Présenté en film d’ouverture à la semaine internationale de la critique à Cannes en 2013, (bonne année, meilleurs films !) Suzanne est le second long-métrage de Katell Quillévéré après Un poison Violent.
Qui sommes-nous ? Où allons nous ? A quoi aspirons nous vraiment au fond ? Peu à peu ce récit d’une vie qui aurait pu être la nôtre, se meut en une éblouissante quête d’identité. Suzanne, sa vie, ses folies, son enfance jusqu’au début de l’âge adulte : 30 ans. L’ambition était grande, le film est à la hauteur. Une caméra amoureuse nous offrant les deux plus beaux visages féminins après La Vie d’Adèle d’Abdellatif Kechiche (Sara Forestier et Adèle Haenel). Deux actrices dont les traits changent après les drames mais toujours plus resplendissants, criant dans leurs silences parfois, que la vie en vaut la peine.

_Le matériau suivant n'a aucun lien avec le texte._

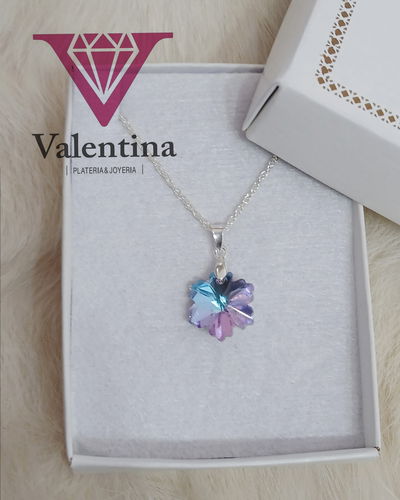 Juego Plata 925 Cadena + Dije Swarovski Copo Nieve 13mm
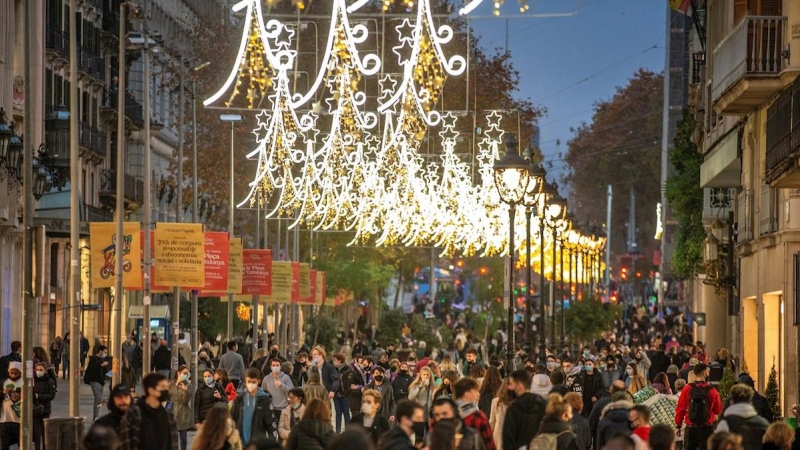 Ambiente en las Ramblas de Barcelona el viernes.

La force de la réalisatrice est de ne jamais porter de jugement et d’offrir une pudeur hors-normes, souvent bannie au cinéma du « trop parler pour ne rien dire ». Nos vies nous appartiennent, nous pouvons être jugés, subjugués, émerveillés, jalousés, le destin est tiré par les fils que portent nos doigts. Personne ne peut aimer à notre place, chacun est par moment irresponsable et fou. Il est question d’Amour, de rencontres, de piliers familiaux, d’absences. A coups d’ellipses, Katell Quillévéré dresse un drame naturaliste teinté de scènes reflétant une très belle lumière, celle qui rend les conséquences de nos actes moins graves, effleurant la moindre émotion intime. Confondus avec une B.O terriblement mélancolique (Electrane, groupe de rock exclusivement féminin), ces moments de vie choisis, sont des tableaux de maître à l’usage de ceux qui trouvent une beauté fascinante dans la routine des jours.
Le père de Suzanne (François Damiens) est routier, sa fille semble prendre les mauvaises sorties. Chez Suzanne se mêlent liberté et inconscience, sensibilité extrême et souhait d’assumer, amour passionné et renoncement. Les ailes de Suzanne vont brûler, et c’est comme ça que sa vie vibre. A ce personnage fougueux, s’oppose sa sœur, tendre, courageuse, trouvant dans sa solitude et le travail un chemin balisé et des valeurs. Pourtant les deux filles ont tissés des liens inaliénables, donnant au film une profondeur encore plus travaillée.
Les drames rattrapent souvent notre anti-héroïne qui fuit son destin dans l’espoir d’un ailleurs meilleur, pourtant tout résonne comme une ode à la vie, à sa capacité à nous présenter ce qu’elle a de plus beau. Puis la médaille se tourne et le pire nous attrape la gorge. Ah que la route de la vie est parfois mauvaise. Oh, que ce film est incontournable.
Ressentir, toujours. Voilà la seule faiblesse qui nous fait hésiter entre deux voies, plus communément appelé Raison et Passion.